ASPI Note: Understanding the U.S.-China Climate Declaration
November 19th, 2021 by Betty Wang and Thom Woodroofe | 21/03
What happened: During the final days of the UN’s COP26 Climate Change Conference, the U.S. and China issued a “Joint Glasgow Declaration on Enhancing Climate Action in the 2020s.” This helped inject newfound momentum into the multilateral negotiations and in itself was a critical outcome from Glasgow.
The background: Under the Obama administration, the U.S. and China issued three landmark joint statements on climate change. These demonstrated that the two largest emitters were prepared to work together on combatting climate change following the fractious period around the Copenhagen talks in 2009. They were instrumental for first securing — and then helping bring into force — the 2015 Paris Agreement.
After the tumultuous period of the Trump administration, and given the weight of its own domestic climate actions, the Biden administration set out two pre-conditions for restarting this cooperation upon taking office. First, that climate was treated as a “standalone” issue in the bilateral relationship, and second that China would build on its existing plans to reduce emissions this decade. From Washington’s perspective, China’s progress on both up until COP26 had been moot, notwithstanding a number of recent announcements, including a new moratorium on their financing of coal-fired power projects in the Belt and Road Initiative.
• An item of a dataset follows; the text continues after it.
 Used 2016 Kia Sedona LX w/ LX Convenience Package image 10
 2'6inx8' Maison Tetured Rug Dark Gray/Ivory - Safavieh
What was in the Joint Declaration: The declaration largely reaffirmed the domestic commitments already made by both countries, but included a handful of significant new elements:
- Reaffirming the Paris Agreement’s Temperature Limits: The two sides recognized that there remains a significant ambition gap globally in order to stay within the temperature limits of the Paris Agreement and that this requires additional action in the coming decade. Importantly, China confirmed it will “make best efforts to accelerate” its plan to peak coal consumption by 2025. With China’s use of coal accounting for more than 20% of the world’s carbon emissions, this is critical — including for China to ideally peak their overall emissions around the same time and to be able to reach its goal of carbon neutrality by 2060.
- Re-establishing a U.S.-China Working Group: Titled a “Working Group on Enhancing Climate Action in the 2020s,” this resembles the U.S.-China Climate Change Working Group that was first established in 2013 and will likely cover a number of thematic streams. This is an idea the Asia Society Policy Institute has been advancing to provide a framework for technical cooperation and exchange between the two countries to recommence.
- Working Together on Methane Reductions: The two countries will work in the first half of 2022 and ahead of COP27 in November to discuss what more can be done, including with respect to standards and international support. While China stopped short of joining the Global Methane Pledge signed by 100 other countries, this will potentially provide a more robust schedule for ensuring China acts to reduce this potent pollutant.
Reading between the lines: U.S. Envoy for Climate John Kerry and Chinese Special Climate Envoy Xie Zhenhua met 30 times throughout the year in the lead-up to this declaration, including during two visits by Kerry to China. However, this declaration marks a turning point in establishing a framework for that engagement to now translate into practical cooperation.
For China, it helped show they had not come entirely empty-handed to COP26 after criticism for Xi Jinping’s non-attendance and for not bringing forward any headline new ambition in their 2030 targets. For the United States, it helped show they have at least secured a signal from Beijing that they hope to do more this decade to reduce emissions and a bilateral process to hold them to account.
What to watch: The declaration helped smooth the runway for this week’s virtual summit between Biden and Xi. With both leaders using that summit to stabilize the relationship for the year ahead, we can expect the new working group to now be established quickly.
China’s isolation with India in the final COP26 plenary over language around coal in the final “Glasgow Climate Pact” has also created additional pressure on Beijing to move further and faster, as has the request of the outcome text for countries to come back to the table on their 2030 targets again next year.